In this lab, you will utilize tools in conjunction with LLMs to automate the detection of vulnerable services and source code examples, then determine whether the results are accurate. To begin with, change into the code directory for the exercises and install the packages.
cd cs410g-src git pull cd 06* virtualenv -p python3 env source env/bin/activate pip install -r requirements.txt
LLM agents have the ability to make decisions about what tools to use based on the context they receive. In this exercise an agent will utilize two custom tools to solve a Portswigger password authentication level. Go to: https://portswigger.net/web-security/authentication/password-based/lab-username-enumeration-via-different-responses
This is the first level in the password based authentication challenges found on Portswigger Academy. Click "Access the Lab" to start the lab.
To run the program:
python3 01_auth_breaker.py
The program will display the two tools that are running. Now, to use the tool, fill in the prompt below with the URL of your level.
I want to login to the website with a base url of <YOUR_LEVEL_URL>
The program will first call the find login tool
@tool("find_login_page", return_direct=False)
def find_login_page(base_url):
"""The function will try to find the login page url"""
loader = RecursiveUrlLoader(
url = base_url,
max_depth = 2,
)
docs = loader.load()
login_page = None
for doc in docs:
login_page = doc.metadata["source"]
if login_url(login_page):
break
This tool is utilizing the RecursiveUrlLoader
found in the RAG section of the course to locate a webpage that has a url with the string "login
" contained in it. It will also check to see if any of the returned links yield redirects:
def check_redirects(url):
"""
Checks each URL in a list for redirects and returns if it contains login
"""
try:
# Send a request to the URL with allow_redirects set to True
response = requests.get(url, allow_redirects=True)
# Check if any redirection has occurred
if response.history:
# If redirected, check the url
if login_url(response.url):
return response.url
If redirects are returned it will also check those. After checking the website's pages for a login page, it will return the URL it finds.
Then the ReAct agent will call the next tool, called get_creds
@tool("get_creds", return_direct=False)
def get_creds(login_url):
"""Given the login page url the function will find the credentials needed to login"""
This function loads a password list and a username list that were provided by the Portswigger level.
password_lines = open("./data/auth-lab-passwords","r").readlines()
username_lines = open("./data/auth-lab-usernames","r").readlines()
It then uses the Python requests library to check if the correct username password pair is found.

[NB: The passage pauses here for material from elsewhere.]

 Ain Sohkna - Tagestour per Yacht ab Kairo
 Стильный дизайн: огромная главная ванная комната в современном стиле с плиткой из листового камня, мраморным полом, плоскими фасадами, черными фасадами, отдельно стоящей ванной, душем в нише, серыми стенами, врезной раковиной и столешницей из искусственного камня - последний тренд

If the correct pair is found, it will login to the website and solve the level. The agent will then produce a final answer of the correct username and password pair.
While it may be tempting to utilize an LLM to perform vulnerability analysis, it is often the case that special-purpose tools are more appropriate, both in accuracy and in costs. One such tool for performing Static Application Security Testing (SAST) to identify vulnerable Python code is Bandit
. Bandit processes Python code, builds an abstract syntax tree (AST) from it, and then runs appropriate plugins against the AST nodes to identify problematic code snippets. Once Bandit has finished scanning all the files, it generates a report. In this exercise, Bandit is used to analyze a repository to find files with potentially vulnerable code. The summary is then fed to the LLM to generate a patch for vulnerable files automatically.
To do so, a program is provided that clones an arbitrary repository and then runs Bandit using flags that specify only vulnerabilities that bandit is highly confident are high severity ones. The function below runs the tool and asks the LLM to summarize its findings including listing the line numbers that the vulnerability appears for each vulnerable file.
def bandit_find_high_severity_files(repo_path):
result = subprocess.run(
["bandit", "-r", repo_path, "--confidence-level", "high", "--severity-level", "high"],
capture_output=True,
text=True
)
bandit_results = result.stdout
prompt = f"Analyze the results from the Bandit vulnerability scan and return a list of files with high confidence, high severity vulnerabilities in them. For each, include the line numbers they occur in:\n\n{bandit_results}"
response = llm.invoke(prompt)
return response.content
One use for Bandit's analysis is to help generate patches for vulnerable files. To do so, consider the code below that performs the vulnerability analysis on a particular file from the previous step, then feeds its results along with the contents of the file to an LLM to generate a patch.
def patch_file(repo_path):
result = subprocess.run(
["bandit", repo_path],
capture_output=True,
text=True
)
bandit_results = result.stdout
file_content = open(repo_path,"r", encoding="utf-8").read()
prompt = f"You are a skilled patch generator that takes a program from a file and a description of its vulnerabilities and then produces a patch for the program in diff format that fixes the problems in the description.\n\n The contents of the program file are: \n {file_content}\n\n The description of the issues in it are: \n {bandit_results}"
response = llm.invoke(prompt)
return response.content
Run the program and point it to the course repository.
python3 02_bandit_patch.py
Select one of the files to have the program generate a patch for it.